When I mentioned this situation to friends this summer, including some who are teachers, I was assaulted by a barrage of questions, the most common being, “What’s the difference?” I posed this same question on social media myself, and the responses I received reflected a similar level of unfamiliarity and misunderstanding. This forced me to think deeply about the differences, similarities, and relationships among these three sets of standards. What are their goals? How are the standards different? How are they assessed? Do they work together, or are they separate entities? Which do I prefer?

All of these are great questions and, since I have taught all of these curricula separately, I am in a somewhat unique position to share my first-hand experience and understanding. In this article, I’ll try to shed some light on the topic and answer a few of these questions.

Origins of the courses

The NGSS were developed in part by the National Research Council, the American Association for the Advancement of Science, and Achieve.org. They are a set of “high-quality college and career ready standards” designed for all students from kindergarten through 12th grade, with the stated goal of making science accessible to learners at all levels. Since NGSS is not an “advanced curriculum,” it doesn’t have a direct analog to either AP or IB. However, if you read the source papers, you will find that the language and philosophy of each curricula is remarkably similar, all having been revised or created between 2013 and 2015. Both AP and IB have put out papers detailing how their curriculum works with and extends the NGSS (a topic for another article, perhaps).
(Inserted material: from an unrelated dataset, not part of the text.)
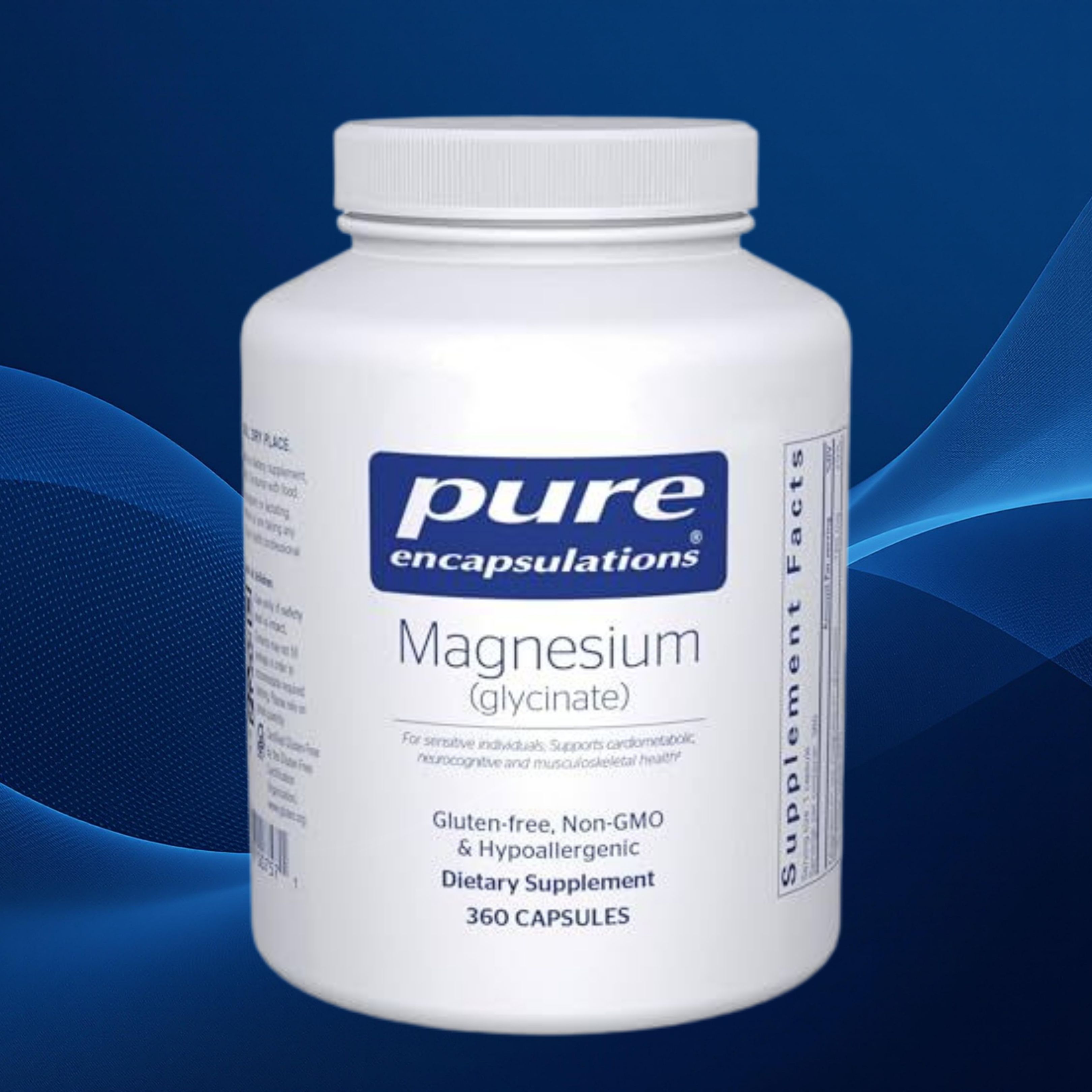 고약사 S급 Pure Encapsulations 글리시네이트 <b>마그네슘 120mg</b> 250캡슐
Advanced Placement is a set of standards and courses run in the United States by the College Board since 1955. The goals of the AP program are to allow willing and academically prepared students to pursue college-level studies while still in high school. AP writes and administers exams worldwide for 47 different subjects each May. In 2018-19, over 22,600 schools worldwide enrolled 2.8 million students and administered over 5 million AP exams, 161,852 of which were in Chemistry.1

The IB Program, on the other hand, consists of four elements that serve students from the ages of 3-19: the Primary Years Program (PYP), Middle Years Program (MYP), Diploma Program (DP), and Career-related Program (CP). The IB Program is run by the International Baccalaureate Organization (IBO) based in Geneva, Switzerland. IB started with the DP in 1968, serving only high school students using their European developed curriculum, later adding the MYP (1994), PYP (1997), and the CP (2012) to serve students at all levels. Part of this goal is met by offering many of their courses at both Standard Level (SL) and Higher Level (HL). The IB’s goal is to develop challenging programs of international education and rigorous assessment. In 2018-19, the DP enrolled 166,000 students at over 2,900 schools worldwide and administered 630,000 exams, 32,688 of which were in Chemistry.2

Comparing AP and IB curricula

Both AP and IB HL courses are generally considered the equivalent of freshman-level introductory college courses. Depending on exam score, students can receive college credit, lab credit, or even skip freshman courses. IB SL courses are usually not considered college level on their own, but are when completed as part of the full IB diploma. Policies vary wildly between post-secondary institutions, but generally some sort of recognition is given.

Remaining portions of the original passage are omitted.